Sadly this developed into a fully fledged relationship where I ended up losing myself in the relationship/dynamic and taking a caregiver role. Focusing more on tending to her needs and disregarding my own sense of self and identity. We practiced rope semi often but it stopped being a priority when she was going through some mental health stuff.
I was okay with giving her space, but she felt neglected by losing someone actively wanting to tie her up and she ended up cheating on me with someone more skilled- says it was because she was horny when I was out of town and she wanted to be suspended (something I am not confident enough to do) now videos of her naked suspended upside down and being degraded are circulating in my local kink community) She apologized (kinda, didn't take responsibility and deflected to it being not her fault) and I forgave her because I love her. But now I feel less confident in the skills I used to have.
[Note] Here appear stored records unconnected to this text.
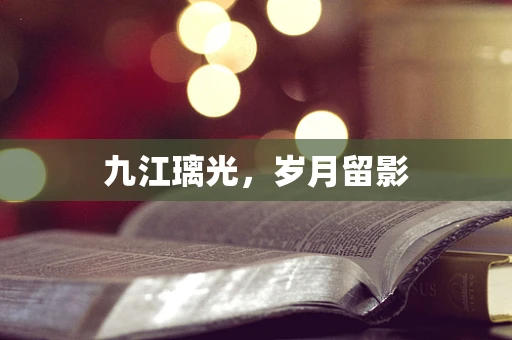 九江璃光，岁月留影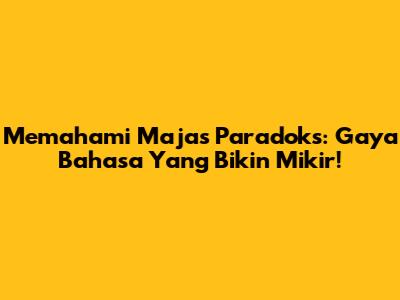 Memahami Majas Paradoks: Gaya Bahasa Yang Bikin Mikir!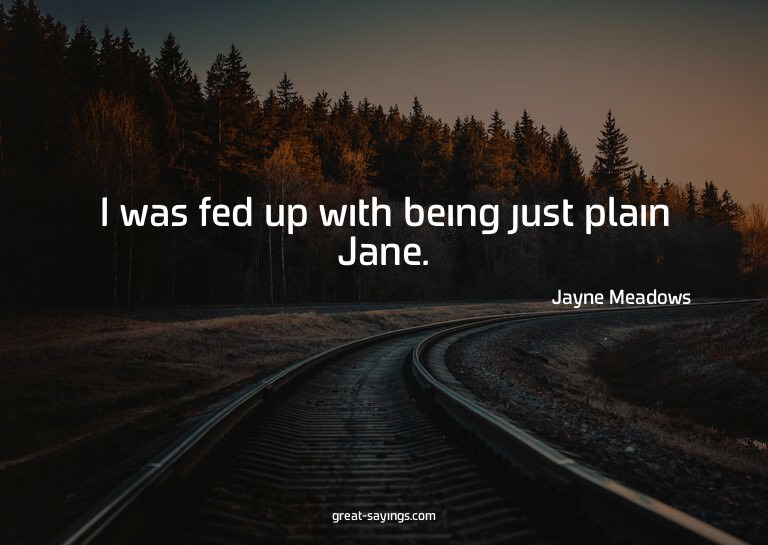 I was fed up with being just plain Jane.

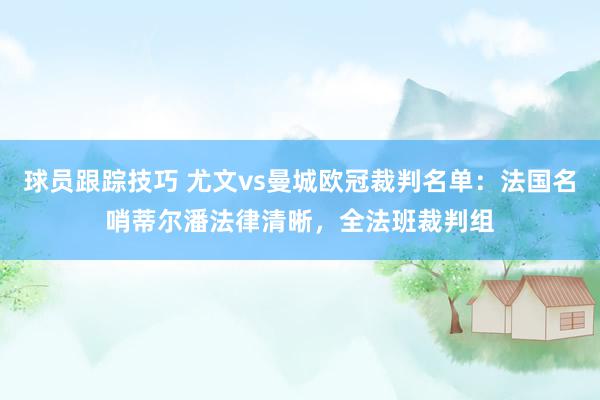 球员跟踪技巧 尤文vs曼城欧冠裁判名单：法国名哨蒂尔潘法律清晰，全法班裁判组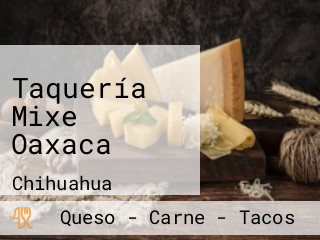 Taquería Mixe Oaxaca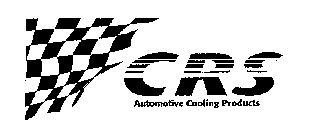 CRS AUTOMOTIVE COOLING PRODUCTS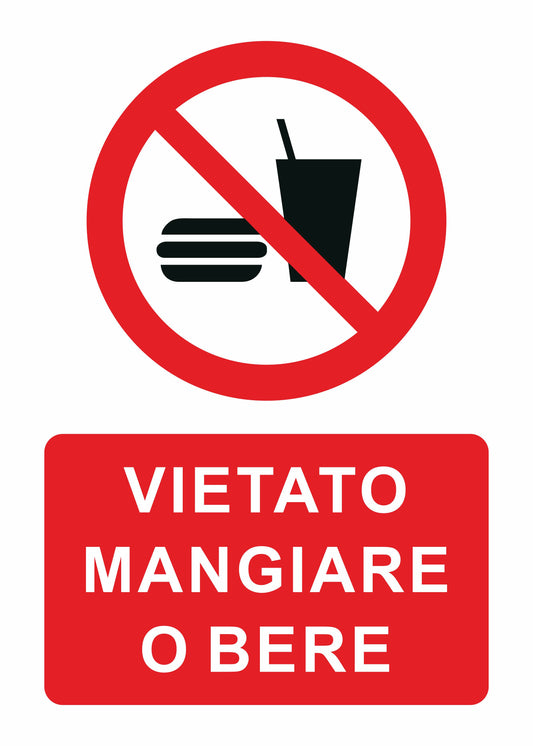 GLOBAL CARTELLO SEGNALETICO - VIETATO BERE O MANGIARE - Adesivo Extra Resistente, Pannello in Forex, Pannello In Alluminio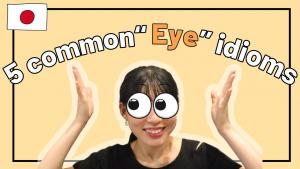 [Japanese Idioms]５common Japanese idioms with 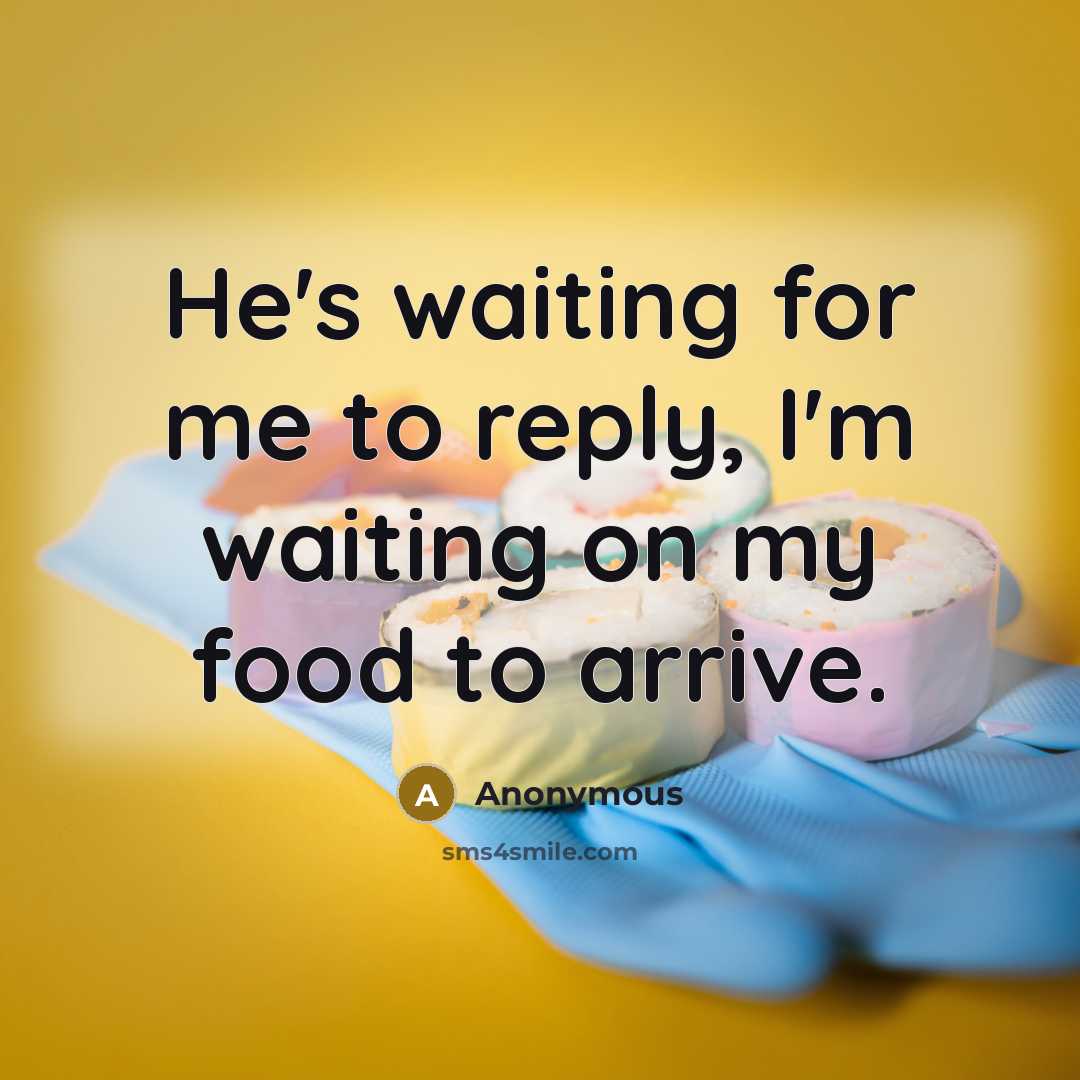 “He's waiting for me to reply, I'm waiting on my food to arrive.” quote by Anonymous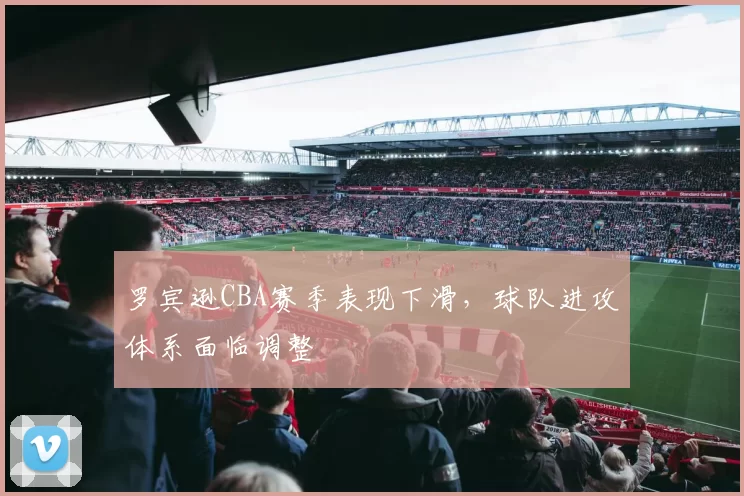 罗宾逊CBA赛季表现下滑，球队进攻体系面临调整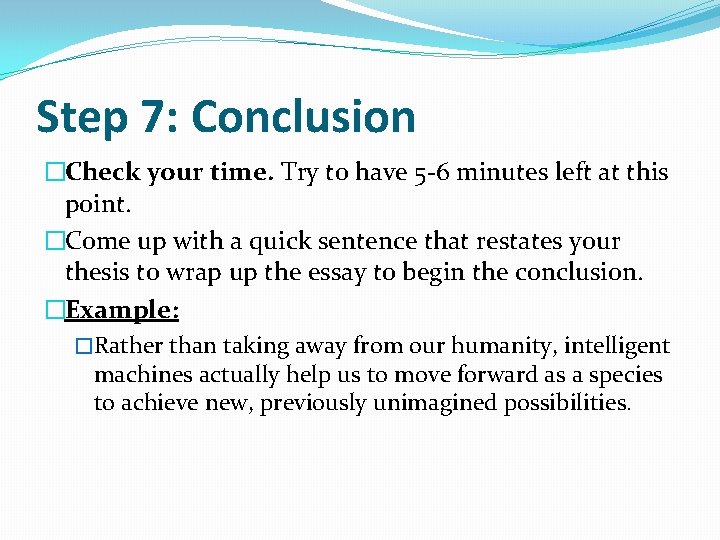 Step 7: Conclusion �Check your time. Try to have 5 -6 minutes left at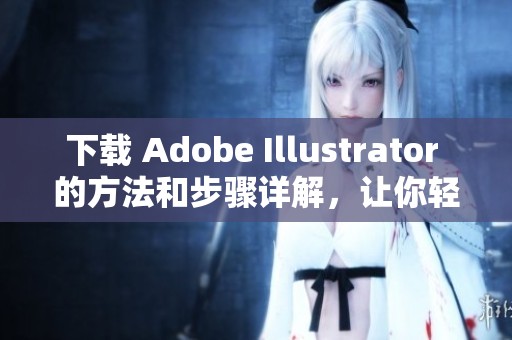 下载 Adobe Illustrator 的方法和步骤详解，让你轻松获得这款软件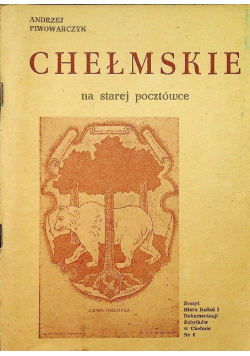 Chełmskie na starej pocztówce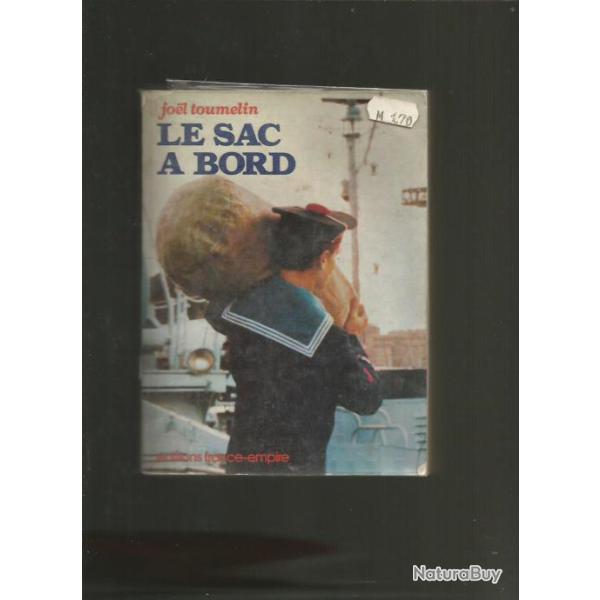 le sac � bord . joel le Toumelin . marine nationale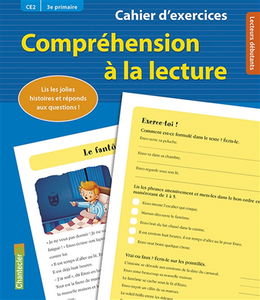 Compréhension à la lecture, CE2, 3e primaire, lecteurs débutants : cahier d'exercices : lis les petites histoires et réponds aux questions !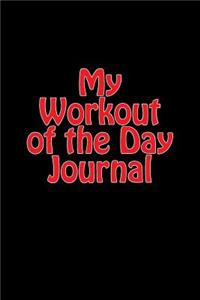 My Workout of the Day Journal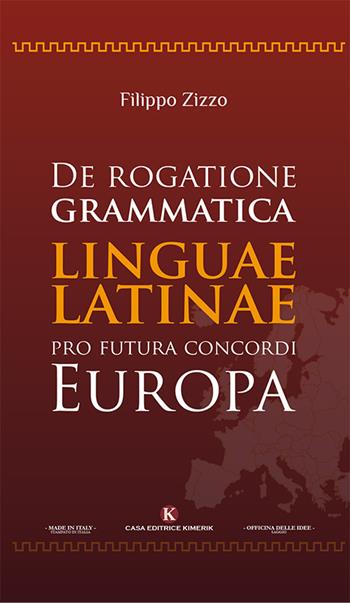 De rogatione grammatica linguae latinae pro futura concordi Europa - Filippo Zizzo - Libro Kimerik 2018, Officina delle idee | Libraccio.it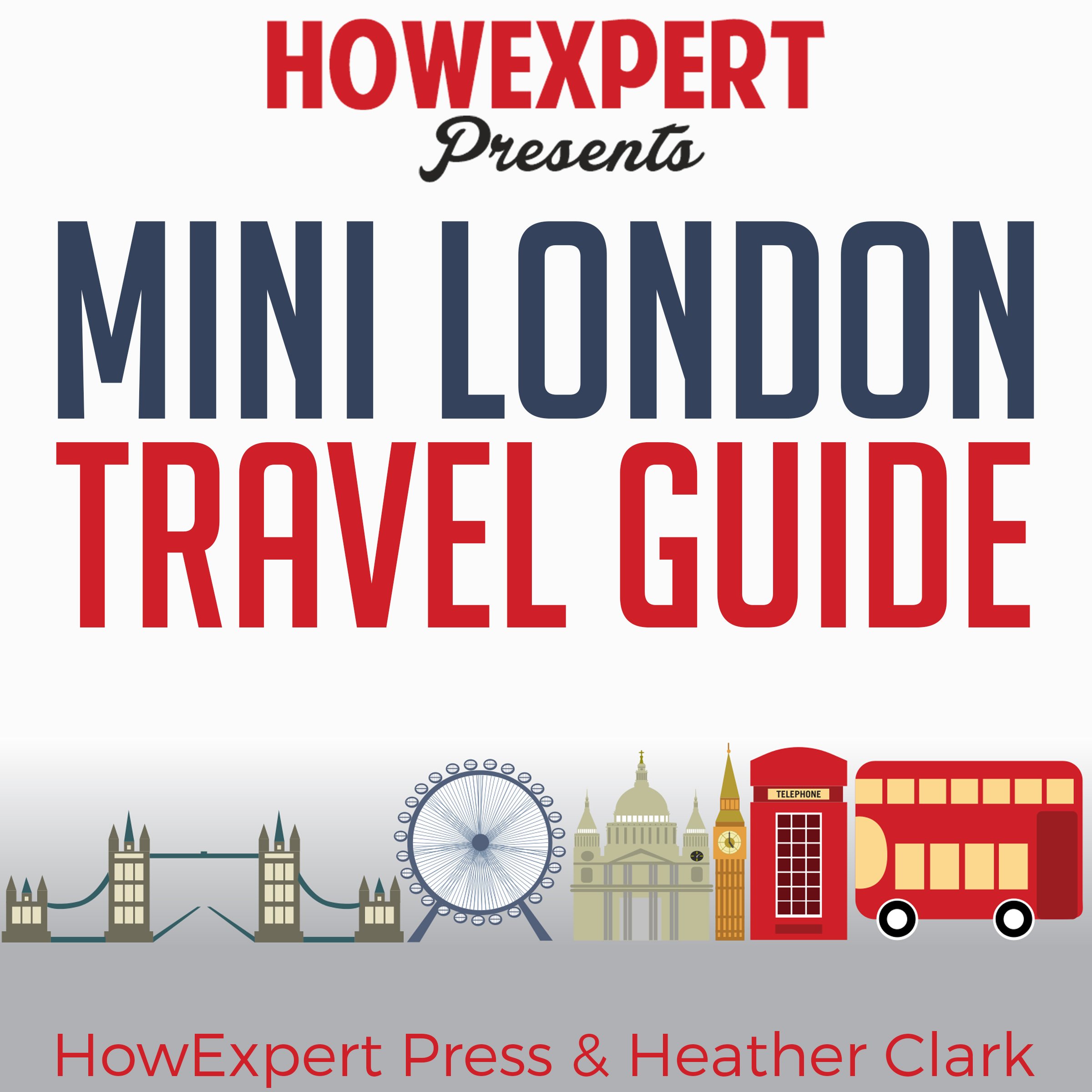 Mini London Travel Guide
I have attempted to try and reconcile with her, and the other rigger is out of the picture, but now every time I think about rope - that video plays in my head and I feel paralyzed from trying. I know it was something I used to enjoy but now I cannot get the confidence to try and tie her up anymore.
She has been doing self tying and is offering to teach me now, but it just feels insurmountable. Just seeing her tied up replays the video of my darling sub giggling and hanging upside down while being kicked around for someone else's entertainment.
How do I re-engage with a former passion when I feel so inferior that it's not good enough to avoid being cheated on, and every time I see rope I panic.
Thoughts?
You move forward not backwards. Going back to her is backwards. Spend time with rope again, just handling it, conditioning it, getting comfortable with it again and develop a new relationship with it separate from any person.